Şunu anladık ki, gıda piyasasını tamamen özel sektörün insafına bırakırsak fiyatların, ihtikarın yani stokçuların önünü almak mümkün olmayacak, spekülatörler iktidarları pinpon topu gibi oynayacaklar, para babaları hükümet düşürüp hükümet kuracaklar. Halkın ekmeğiyle de istedikleri gibi oynayacaklar. Nitekim oynadılar.

 

Ülkemizin en zayıf yönü, en yumuşak karnı döviz kurudur. Döviz kurunun önemi de, ham medde ve ara mal noktasında ithalata bağımlı olmamızdan kaynaklanır. Tek çözüm, cari açığı sıfırlamak, ihracatla ve turizm geliriyle döviz fazlası oluşturmak, ithal ettiklerimizi içeride üretmek. Döviz açığı olmayan, cari fazla veren ve yüzde ondan fazla büyüyen bir ülkede istedikleri gibi döviz kurunu yükseltemezler, bir gecede dövizi iki katına çıkaramazlar. Giderek o güzel günlere doğru ilerliyoruz. Son aylarda 220 milyar doları aşan ihracatımızla cari açığımız kalmadı diyebiliriz. Bu üretim ve ihracatı giderek yükseltir ve ithalatı da kısabilirsek, dövizde istikrar sağlanacak, enflasyon düşecek, sıfır faiz veya faizsiz bir ekonomiyle yolumuza devam edeceğiz.

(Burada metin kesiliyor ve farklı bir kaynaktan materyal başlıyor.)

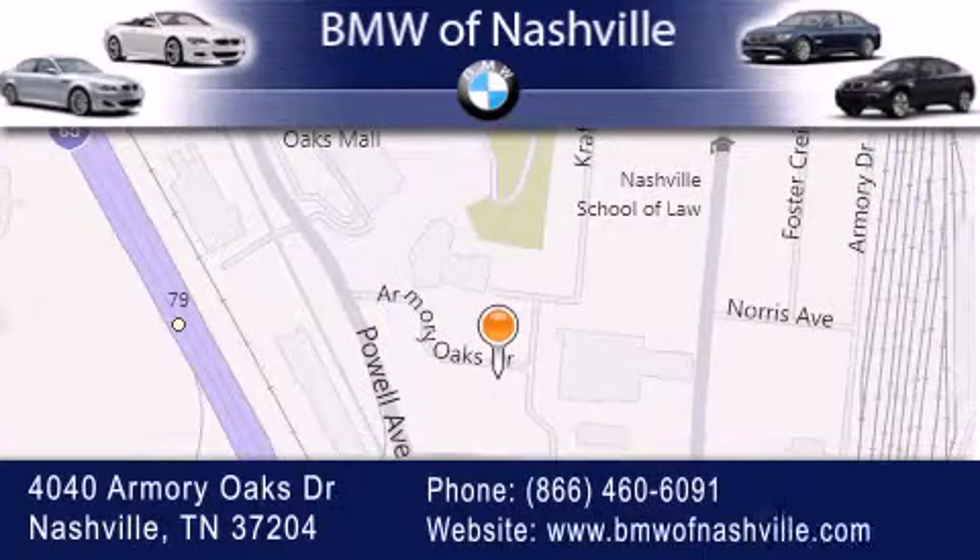Our goal is to exceed all of your expectations to ensure that you'll return for future visits.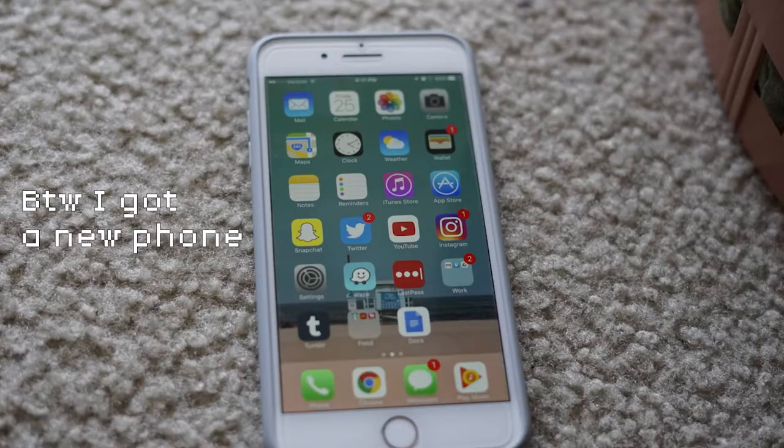Coffee and a phone vlog type of day because I kind of want to see how the new camera is on the new phone — and mostly because I'm too lazy to get the other camera out and set it up.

Üreten kazanacak, vurgun ve soyun düzeni sona erecek.

 

Evet, ülkemiz döviz yönünden iki binlerin ve öncesinin ülkesi değil. Bu ülkenin şirketlerinin ve fertlerinin bankalarda 240 milyar dolar mevduatı var. Bu ülke ve hükümeti, üç-beş spekülatör karşısında çaresiz değildir. Ancak biraz hırpalanırız, biraz zarar görürüz, piyasanın oturması biraz zaman alır.

 

Evet, faiz lobileri boş durmuyor. Yatarak soyanlar, üretmeden kazananlar harekete geçti. Çünkü Allah'ın Kur'an'ında haram kıldığı faizi düşürmek ve hatta sıfırlamak isteyen, bu ülkeyi faiz- dolar kısır döngüsünden, kıskacından çıkarmak isteyen bir iktidar var. Karşıda faiz kazancından vazgeçmek istemeyen ve düşük faiz politikasına direnen mihraklar, içeride ve dışarıda lobiler var. "Efendim, enflasyonun olduğu bir ülkede faiz düşerse, eksi faiz bu ülke için felaket olurmuş (!) Tasarrufu, parası olanlar, parasını nerede değerlendirecekmiş!" Biz de diyoruz ki, devlet, bu tasarruf sahiplerine faiz dışında yeni ve güvenli alternatifler sunmalı, bankalar faiz yerine kâr payı dağıtmalı. Tasarrufçular gerekirse uzun vadeli paralarını kâr pay dağıtan banklarda tutmalı, borsadaki şirketler de kâr payı dağıtmalı. Biz inanıyoruz ki, faiz bereketsizliğe yol açar, zengini daha zengin, fakiri daha fakir yapar, faizin yüksek olduğu ülkede yatırım ve üretim olmaz. Bedava para kazanmak varken insanlar niçin riske girip de yatırım ve ticaret yapsın? İşte bu kısır döngüyü kırmak ve ülkemizi faiz soygunundan kurtarmak için adımlar atılmalı, yeni bir politika benimsenmeli. İşte Sayın Erdoğan bunu yaptı, faiz lobileri, soyguncular bundan rahatsız, stokçular bu yüzden harekete geçti. Biraz sabır diyoruz.

 

Tarımda ve sanayide iyi bir planlama ve teşvik sistemi, piyasada iyi bir denetim ve yanlış yapanlara caydırıcı cezalar, bu ülkenin önünü açacaktır.